Sözleşmenin uygulanması ayrıca, birçok ülkede, kolluk kuvvetlerinin ve yargının cinsiyete dayalı şiddet konusunda daha iyi eğitilmesine ve kadına yönelik şiddetin daha etkili şekilde kovuşturulmasına yol açtı.
Kanunlar yeterince korumuyor
Pandemi, kadına yönelik şiddetle mücadele politikalarında önceden var olan boşluklar için bir büyüteç görevi görürken, aynı zamanda, İstanbul Sözleşmesi'nin uygulanmasında, şimdiye kadar alınan bazı önlemlerin oynadığı önemli rolü de ortaya çıkardı. Kadına yönelik şiddetin ortadan kaldırılmasını önemli bir siyasi hedef haline getiren bazı devletler, kapanma dönemlerinde örneğin yeni alarm mekanizmaları yoluyla, şiddet mağdurlarına güvenlik ve destek sağlamaya yönelik eylemlere öncelik verdi.
Ancak İstanbul Sözleşmesi'nin kadın haklarına yönelik gözle görülür faydalarına rağmen, sözleşmenin onaylanmasına karşı çıkanlar tarafından ortaya atılan yanlış bilgiler yayılmaya devam ediyor. Aile değerlerini ve geleneklerini savunma bahanesiyle, genellikle kadın düşmanı ve homofobik gündemlerini saklayan İstanbul Sözleşmesi karşıtları için tekrar etmekte fayda var: Aileleri yok eden, ev içi şiddetle mücadele sözleşmesi değil, ev içi şiddetin kendisidir!
Kimileri de uluslararası bir sözleşmesine onaylanmasına gerek olmadığını, zira ülkelerin halihazırda aile içi şiddete karşı yeterli koruma sağlayan ulusal yasalara sahip olduğunu iddia ediyor. Bu, Türkiye'nin Mart ayında İstanbul Sözleşmesi'ndençekilmesinde de argüman olarak kullanıldı. Ancak bu aldatıcı argüman, hem yasaların kapsadığı kadına yönelik şiddet biçimlerini, hem de sözleşmeye taraf devletlerin bunları yürürlüğe sokmak için atmaları gereken adımları göz önüne aldığımızda, mevcut ulusal yasaların İstanbul Sözleşmesi'nden çok daha az kapsayıcı olduğu gerçeğini gizlemekte.

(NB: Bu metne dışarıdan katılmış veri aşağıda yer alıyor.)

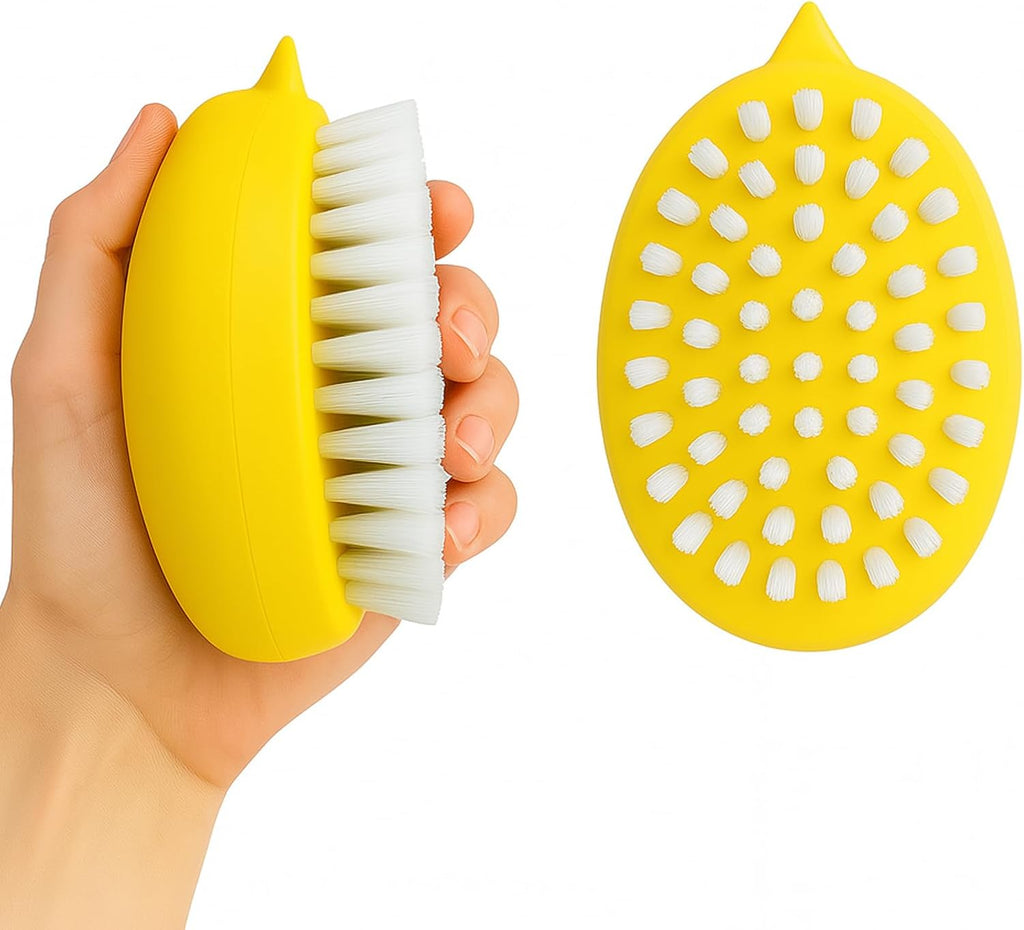 2-Pack Vegetable Brush, Dual Bristles for Daily Produce, Yellow | Dual bristles for daily produce, potatoes, carrots, fruits, greens - view 2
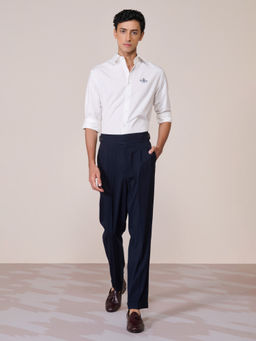 S&N by Shantnu Nikhil - Mens' White Rayon Blend Plain Slim Fit Shirt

Üstelik İstanbul Sözleşmesi, sözleşmenin uygulanmasının denetimi için bağımsız bir uluslararası uzmanlar grubunu devreye sokma ve tüm taraf devletlere kendi aralarında bir iş birliği yapma yükümlülüğü de getiriyor.
İstanbul Sözleşmesi'nin uygulanması yaşatır. Devletlerin kadınları ve kız çocuklarını yüzüstü bırakmamak için bir takım ahlaki ve yasal yükümlülükleri vardır. Bu yüzden devletler, İstanbul Sözleşmesi'ni imzalamalı ve daha fazla uygulamalıdırlar. Aksini iddia etmek için ikna edici hiçbir argüman yok!